Start of Data in this exercise
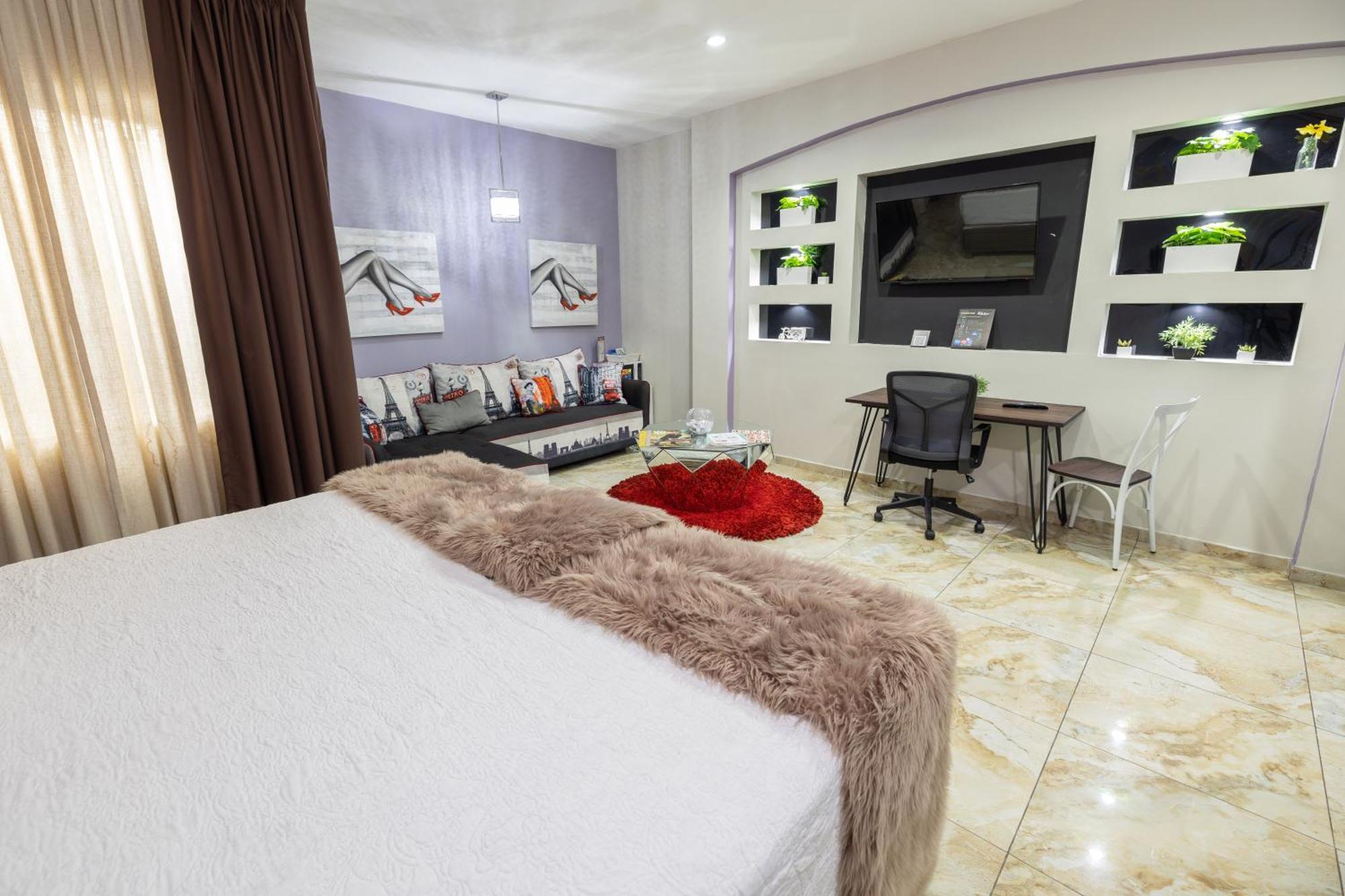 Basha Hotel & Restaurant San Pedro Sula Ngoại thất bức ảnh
End of Data in this exercise
Start of Data in this exercise
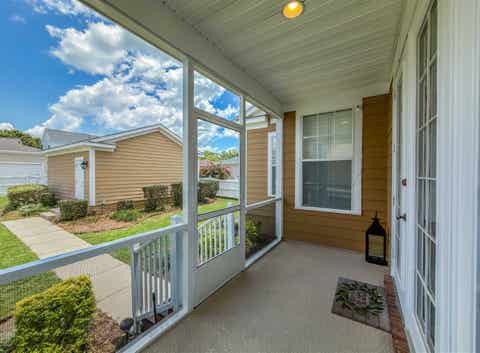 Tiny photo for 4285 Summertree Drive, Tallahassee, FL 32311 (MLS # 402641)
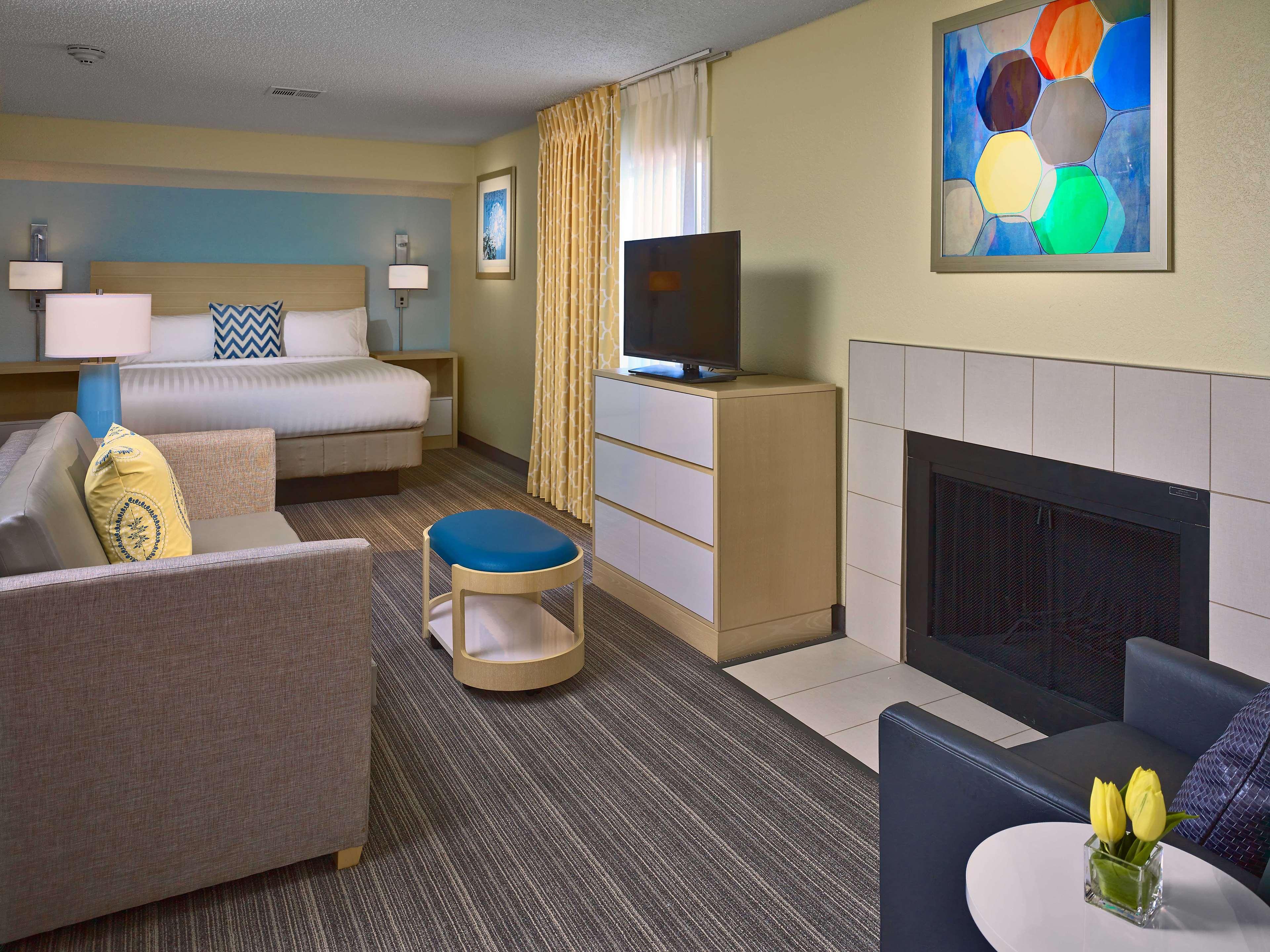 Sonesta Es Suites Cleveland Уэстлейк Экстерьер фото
End of Data in this exercise
_What is needed_
While skipping the pictures, transcribe the data above from the line showing "Tiny photo for" through the line showing "Sonesta Es Suites", exactly and with both ends.

_Answer for the task_
 Tiny photo for 4285 Summertree Drive, Tallahassee, FL 32311 (MLS # 402641)
 Sonesta Es Suites Cleveland Уэстлейк Экстерьер фото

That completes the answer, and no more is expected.